A new AAP policy statement recommends how private and public insurers should support the core mission of pediatricians. It serves as a roadmap to guide the advocacy efforts of AAP chapters, legislative advocates and any pediatric group that has negotiating power with insurers.
The policy sets out the value of financially sound primary care pediatric practices empowered to deliver quality care to children and to coordinate care with specialists, teachers and agencies.
Titled Principles of Financing the Medical Home for Children, the policy from the Committee on Child Health Financing is available at https://doi.org/10.1542/peds.2019-3451 and will be published in the January issue of Pediatrics.
The AAP recommends payers adopt the following:
- A policy of providing first dollar coverage for preventive services recommended in Bright Futures, basing deductibles and copays on household income not as absolute dollar amounts, and recognizing that high-deductible plans are not appropriate for children.
- A uniform definition of medical necessity among payers. Medically necessary services include those important for optimal growth and development, and treat the full range of pediatric conditions in accord with evidence-based science or evidence-informed expert opinion.
- Payment models that strengthen the patient/family-physician relationship and do not impose administrative burdens that detract from medical home care.
- Procedures enabling both the pediatrician and family to learn the extent of a patient’s coverage for services at the time and place of service.
Further, payers should not make it easier for families to go to facilities that lack fundamental pediatric expertise, fail to coordinate with the medical home or do not practice antibiotic stewardship.
When pediatricians create medical homes for children, they take on a responsibility unique in the health care system because children, teens and young adults have unique needs and potential.
Pediatricians have always attended to the needs of children beyond the primary care office, accessing specialists and therapists with pediatric expertise, communicating with schools, referring families to charitable and nonprofit organizations, and informing families when they may be eligible for public help with food and housing.
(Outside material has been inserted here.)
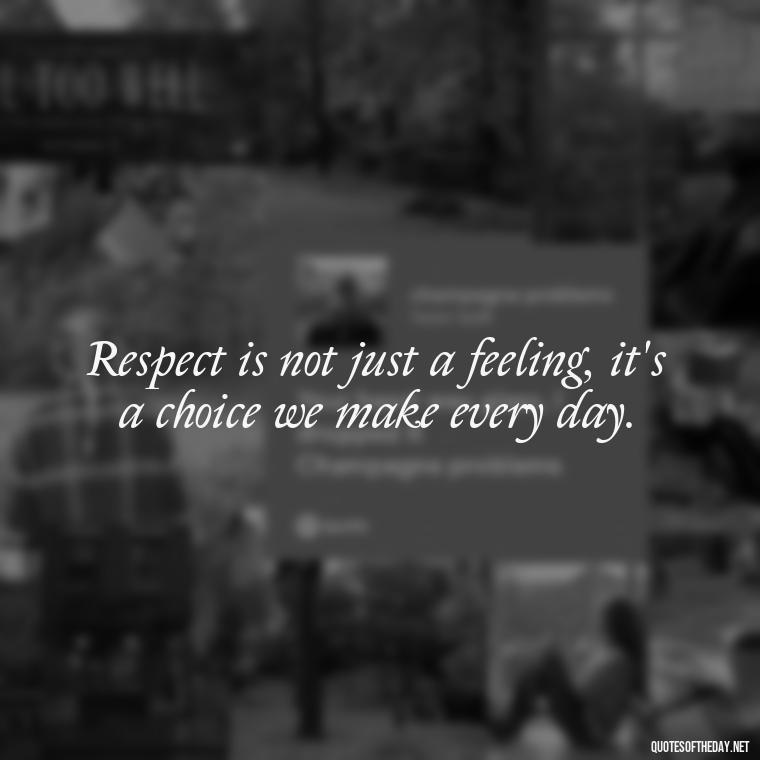 Respect is not just a feeling, it's a choice we make every day. - Short Quotes About Respect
One can think of this network as a “medical neighborhood,” but awareness of local resources can be hit-or-miss. Therefore, if community resources are lacking, payers should help bring them into a community; where resources exist, strengthen them; and in locations with strong resources, support pediatricians’ time and effort to coordinate with them.
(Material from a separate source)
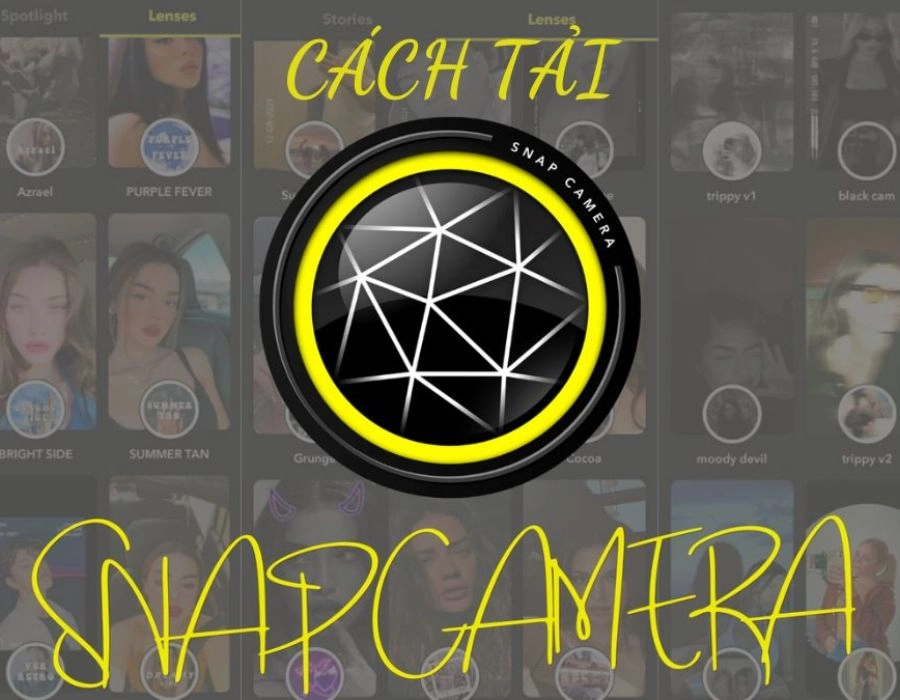 Cách tải và cài đặt Snap Camera trên máy tính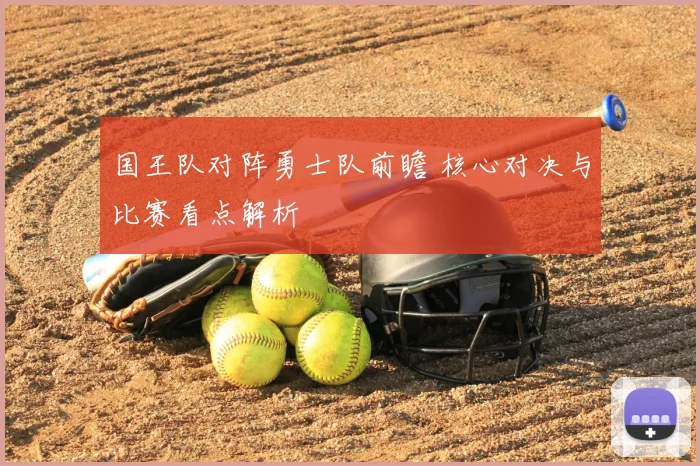 国王队对阵勇士队前瞻 核心对决与比赛看点解析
Methods of paying for health care are in a state of profound change. In adult medicine, the movement toward payments based on the perceived “value of care” has by most accounts reduced complications of hospitalizations and readmissions to hospitals soon after discharge, and increased the number of preventive health screenings.
In pediatrics, however, the opportunities and challenges to improve the health of patients are different or have different magnitudes of importance. Payment models should be designed to respond to children’s needs and make the provision of care in medical homes financially viable.
Evidence shows that kids often become vulnerable to chronic adult conditions because of adversity that comes from their social and household situations. Pediatricians deal with insurance practices that fail to account for the complexity of patients with difficult social or household situations and fail to pay adequately for the provision of vaccines and outreach services. They often impose an administrative burden that consumes staff time and operating funds that could be used to provide care.
Principles of Financing the Medical Home for Children holds that pediatricians are positioned to improve health and well-being in the long run. What pediatricians do for children in prevention and early intervention can be beneficial for decades. Payers should use their unique ability to empower the pediatric medical home.
Dr. Price, a lead author of the policy statement, is chair of the AAP Committee on Child Health Financing.